Tracy's comments aren't store-bought praise. His are formed from spending the past four weeks watching Bixler solidify his credentials as a legitimate candidate to make the Opening Day roster.

"If it happens, it happens," said Bixler, who had a .417 average with a home run, a triple and two doubles across his first 24 Spring Training at-bats. "If it doesn't, that's all right, too. I'm still going to have the same mind-set and same goals for the season."

Those goals are clear as the Florida sky. At the center of them is one concrete objective: to be the best ballplayer he can be.

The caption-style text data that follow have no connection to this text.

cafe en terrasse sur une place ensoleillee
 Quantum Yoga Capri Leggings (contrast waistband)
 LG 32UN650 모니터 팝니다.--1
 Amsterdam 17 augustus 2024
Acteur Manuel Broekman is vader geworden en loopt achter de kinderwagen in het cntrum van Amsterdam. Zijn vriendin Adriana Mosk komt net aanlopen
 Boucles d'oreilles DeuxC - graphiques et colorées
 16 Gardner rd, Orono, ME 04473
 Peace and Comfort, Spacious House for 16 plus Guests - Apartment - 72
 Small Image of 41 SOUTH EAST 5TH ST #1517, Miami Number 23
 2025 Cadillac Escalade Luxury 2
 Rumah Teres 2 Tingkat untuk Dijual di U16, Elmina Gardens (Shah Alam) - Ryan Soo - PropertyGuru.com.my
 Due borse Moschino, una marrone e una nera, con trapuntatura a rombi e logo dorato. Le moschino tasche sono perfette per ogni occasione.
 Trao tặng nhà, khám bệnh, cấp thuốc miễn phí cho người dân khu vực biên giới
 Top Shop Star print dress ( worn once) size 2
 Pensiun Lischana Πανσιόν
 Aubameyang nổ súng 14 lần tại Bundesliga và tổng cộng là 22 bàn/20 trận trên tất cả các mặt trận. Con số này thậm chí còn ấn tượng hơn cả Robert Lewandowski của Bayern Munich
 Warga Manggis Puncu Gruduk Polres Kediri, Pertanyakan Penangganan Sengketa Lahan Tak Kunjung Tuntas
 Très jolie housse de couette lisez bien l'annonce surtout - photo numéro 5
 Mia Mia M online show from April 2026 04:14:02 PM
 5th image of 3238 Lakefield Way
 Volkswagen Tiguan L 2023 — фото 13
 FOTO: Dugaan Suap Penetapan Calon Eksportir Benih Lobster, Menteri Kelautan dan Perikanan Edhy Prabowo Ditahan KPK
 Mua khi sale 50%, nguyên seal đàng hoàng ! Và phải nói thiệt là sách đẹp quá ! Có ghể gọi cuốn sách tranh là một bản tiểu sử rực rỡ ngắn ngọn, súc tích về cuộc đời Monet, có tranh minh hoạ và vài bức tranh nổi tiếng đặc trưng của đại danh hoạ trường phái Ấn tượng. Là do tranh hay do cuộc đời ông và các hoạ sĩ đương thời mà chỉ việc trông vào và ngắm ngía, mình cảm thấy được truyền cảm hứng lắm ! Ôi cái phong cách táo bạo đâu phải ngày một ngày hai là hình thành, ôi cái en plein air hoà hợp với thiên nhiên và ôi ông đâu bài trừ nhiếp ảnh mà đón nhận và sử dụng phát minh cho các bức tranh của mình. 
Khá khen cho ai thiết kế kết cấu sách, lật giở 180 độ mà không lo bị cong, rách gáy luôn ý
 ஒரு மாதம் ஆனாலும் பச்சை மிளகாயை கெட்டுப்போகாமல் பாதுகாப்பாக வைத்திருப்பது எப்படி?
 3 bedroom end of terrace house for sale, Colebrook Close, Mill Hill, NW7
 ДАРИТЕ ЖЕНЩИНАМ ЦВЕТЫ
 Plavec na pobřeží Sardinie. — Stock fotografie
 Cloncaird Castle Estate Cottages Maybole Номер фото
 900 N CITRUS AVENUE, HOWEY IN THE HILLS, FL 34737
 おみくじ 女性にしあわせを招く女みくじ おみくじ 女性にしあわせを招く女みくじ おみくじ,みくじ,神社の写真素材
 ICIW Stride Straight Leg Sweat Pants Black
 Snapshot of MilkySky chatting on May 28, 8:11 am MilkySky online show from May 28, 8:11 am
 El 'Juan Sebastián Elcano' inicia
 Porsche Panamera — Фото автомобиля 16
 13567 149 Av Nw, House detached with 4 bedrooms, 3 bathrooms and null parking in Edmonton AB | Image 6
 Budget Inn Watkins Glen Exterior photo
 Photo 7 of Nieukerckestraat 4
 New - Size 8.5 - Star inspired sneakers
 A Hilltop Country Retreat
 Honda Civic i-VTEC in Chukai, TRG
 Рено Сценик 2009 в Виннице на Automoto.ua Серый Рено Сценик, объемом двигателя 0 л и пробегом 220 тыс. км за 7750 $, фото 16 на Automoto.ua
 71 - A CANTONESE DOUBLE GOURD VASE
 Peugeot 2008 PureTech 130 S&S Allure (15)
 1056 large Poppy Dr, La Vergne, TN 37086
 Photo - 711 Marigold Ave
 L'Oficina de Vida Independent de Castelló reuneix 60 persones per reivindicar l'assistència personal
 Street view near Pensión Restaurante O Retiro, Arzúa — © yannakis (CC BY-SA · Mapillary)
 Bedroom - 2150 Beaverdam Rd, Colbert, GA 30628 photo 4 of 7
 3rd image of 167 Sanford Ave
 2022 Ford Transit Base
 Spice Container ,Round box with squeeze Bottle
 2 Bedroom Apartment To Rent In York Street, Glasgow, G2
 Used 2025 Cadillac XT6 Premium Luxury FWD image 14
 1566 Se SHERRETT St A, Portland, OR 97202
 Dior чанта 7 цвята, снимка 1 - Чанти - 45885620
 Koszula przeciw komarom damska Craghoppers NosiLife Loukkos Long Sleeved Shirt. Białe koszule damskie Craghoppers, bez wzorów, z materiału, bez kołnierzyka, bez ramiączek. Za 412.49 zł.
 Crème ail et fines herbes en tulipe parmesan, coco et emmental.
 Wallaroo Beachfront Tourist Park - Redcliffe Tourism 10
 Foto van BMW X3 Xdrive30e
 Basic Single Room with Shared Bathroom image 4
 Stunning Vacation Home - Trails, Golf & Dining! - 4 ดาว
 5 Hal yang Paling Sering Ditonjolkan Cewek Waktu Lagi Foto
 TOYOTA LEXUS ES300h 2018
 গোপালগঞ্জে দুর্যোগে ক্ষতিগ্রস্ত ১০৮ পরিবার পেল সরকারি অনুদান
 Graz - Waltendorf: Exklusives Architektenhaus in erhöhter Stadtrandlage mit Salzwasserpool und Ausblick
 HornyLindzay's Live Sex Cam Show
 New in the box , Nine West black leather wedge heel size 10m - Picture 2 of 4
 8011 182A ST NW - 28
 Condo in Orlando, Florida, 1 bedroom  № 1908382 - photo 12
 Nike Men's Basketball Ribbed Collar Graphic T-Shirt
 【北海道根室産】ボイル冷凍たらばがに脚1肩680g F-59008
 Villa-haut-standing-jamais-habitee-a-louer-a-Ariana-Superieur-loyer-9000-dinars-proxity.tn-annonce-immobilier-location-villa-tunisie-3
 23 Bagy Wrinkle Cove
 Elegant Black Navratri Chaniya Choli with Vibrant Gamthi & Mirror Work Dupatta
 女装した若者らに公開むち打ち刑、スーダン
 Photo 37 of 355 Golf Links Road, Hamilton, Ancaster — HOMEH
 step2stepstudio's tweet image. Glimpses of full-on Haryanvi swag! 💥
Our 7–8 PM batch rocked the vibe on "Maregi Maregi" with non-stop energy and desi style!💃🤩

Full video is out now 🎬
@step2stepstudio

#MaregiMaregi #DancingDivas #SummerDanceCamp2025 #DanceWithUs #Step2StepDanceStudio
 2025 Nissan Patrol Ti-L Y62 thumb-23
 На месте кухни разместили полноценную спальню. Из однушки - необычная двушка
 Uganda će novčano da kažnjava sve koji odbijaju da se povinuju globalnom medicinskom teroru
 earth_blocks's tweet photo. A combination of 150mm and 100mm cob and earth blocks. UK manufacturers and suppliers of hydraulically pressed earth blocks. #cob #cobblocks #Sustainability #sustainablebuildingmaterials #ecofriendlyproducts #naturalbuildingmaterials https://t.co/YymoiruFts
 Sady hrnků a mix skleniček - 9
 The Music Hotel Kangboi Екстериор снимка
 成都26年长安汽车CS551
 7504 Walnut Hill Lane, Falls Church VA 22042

Bixler will have that objective no matter where he spends the 2007 season. If he opens in Double-A Altoona, where he finished the '06 season, he'd have no complaints. Should he end up at Triple-A Indianapolis, he'd be just as happy.

But he'd be lying if he said he didn't long to make the Opening Day roster.

"I think anyone who doesn't make it will be disappointed," he said. "But I'm a younger guy coming in and initially wasn't expected to make it.

"So I'm just trying to make the best of it."

He's surely done that, Tracy said.

"What I've seen is a very steady player -- nothing splashy," Tracy said of Bixler. "We're not interested in that, anyway. We sent that message a year ago.

"We're after a lot of substance, and this kid brings a lot of that to the table."

It is that "substance" that Tracy spoke of that has opened people's eyes to Bixler, who admits without a hint of cockiness that his Spring Training has gone well. Bixler's challenge now is to keep playing at that same high level.

"I'm a kid learning a lot," he said. "I'm taking that experience and trying to run with it. I'm trying to learn as much as I can from the veteran players, see how they do things and how they prepare for games."

As he's picked up things here and there, Bixler hasn't let his core approach change; he's worked hard and stayed focused. He's taken no shortcuts, and he's savoring his first taste of big-league life.

For Bixler, it's been a delicious experience.

Not that he wasn't prepared for it, though. Bixler came to camp as prepared for success as he's ever been. And, by all accounts, he has succeeded.

"It's gone a lot how I expected it to," he said. "I'm just sticking with it each day and hope no surprises come."